Now we will just see if the wife notices it when it just appears up on my art wall tonight... Typically I keep the wall PG13... If she does notice I think it might look pretty damn good with an actual Cohiba band used to censor the fun parts.


----------



## Max_Power (Sep 9, 2010)

Nice work! Reminds me of smoking at the roller derby.


----------



## StogieNinja (Jul 29, 2009)

You think there's a shot in heck your new wife is going to not notice a naked woman on your wall?!


----------



## David_ESM (May 11, 2011)

Aninjaforallseasons said:


> You think there's a shot in heck your new wife is going to not notice a naked woman on your wall?!


Well, first let me give you an idea of the wall... The wall currently has aproximately 40-50 drawings on it. Many of which are female (although body parts are pretty much all covered).

So yeah... There's a shot, a pretty good one actually.

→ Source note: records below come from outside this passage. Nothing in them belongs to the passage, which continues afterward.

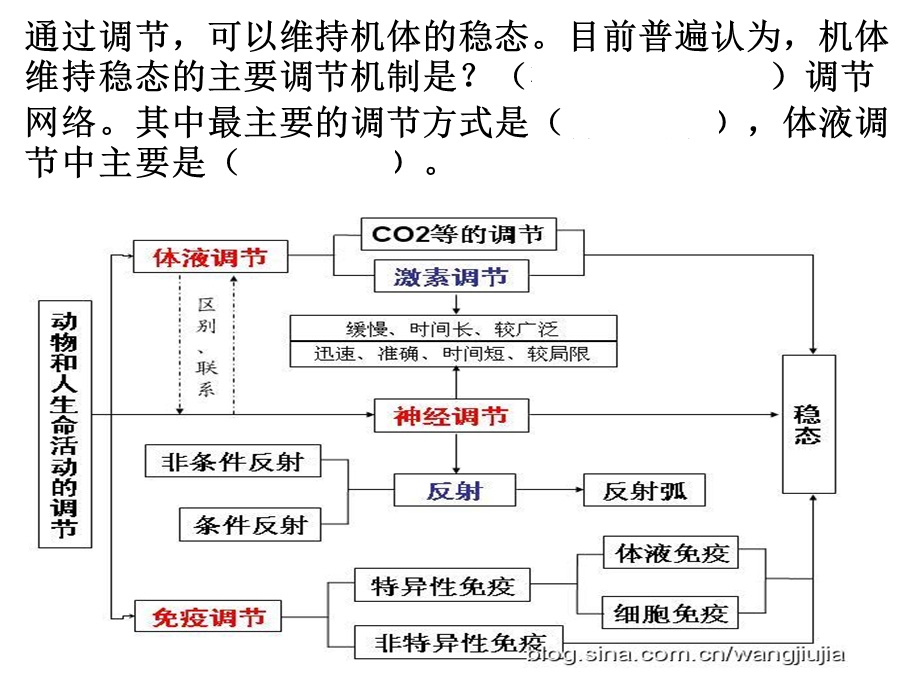 专题复习人和高等动物生命活动的调节.pptx_第1页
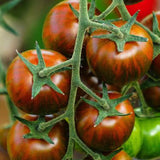 Tigerella Tomato, Standard (Slicing) Tomato (Lycopersicon esculentum)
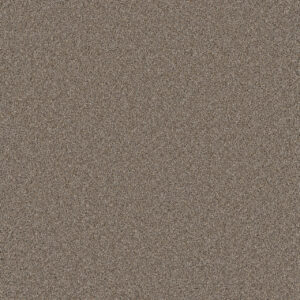 Dreamweaver Carpet Cosmopolitan II Ash Carpet 8550_945
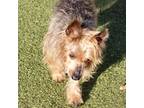 Adopt Major a Yorkshire Terrier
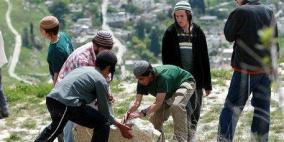 مستوطنون يستولون على اراضي زراعية ويجرفونها جنوب نابلس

Edit: Will update with photo of wall area if I remember tonight.


----------



## zenom (Aug 30, 2011)

Nice artwork. I want to get some for my basement eventually. Just not scantily clad women, although I like the tattoo's on her


----------



## Swany (Aug 20, 2010)

Nice job bro. Like it a lot. Keep up the great work.


----------



## thebayratt (Jun 4, 2009)

Nice job.

I used to be really good at photoshop (a degree in graphic design actually), but got away from it for a while.


----------



## Hopperb (Jul 29, 2011)

Now I appreciate the female form as much as the next guy but I think that drawing could have stood on its own just fine!

You guys with all this talent are beginning to make me sick!


----------



## David_ESM (May 11, 2011)

Hopperb said:


> Now I appreciate the female form as much as the next guy but I think that drawing could have stood on its own just fine!


Was my first time using cigars as my main subject matter, and I agree. Next time I think it will be just the smokes.


----------



## lebz (Mar 26, 2011)

Great drawing David! I can draw stick people pretty awesome


----------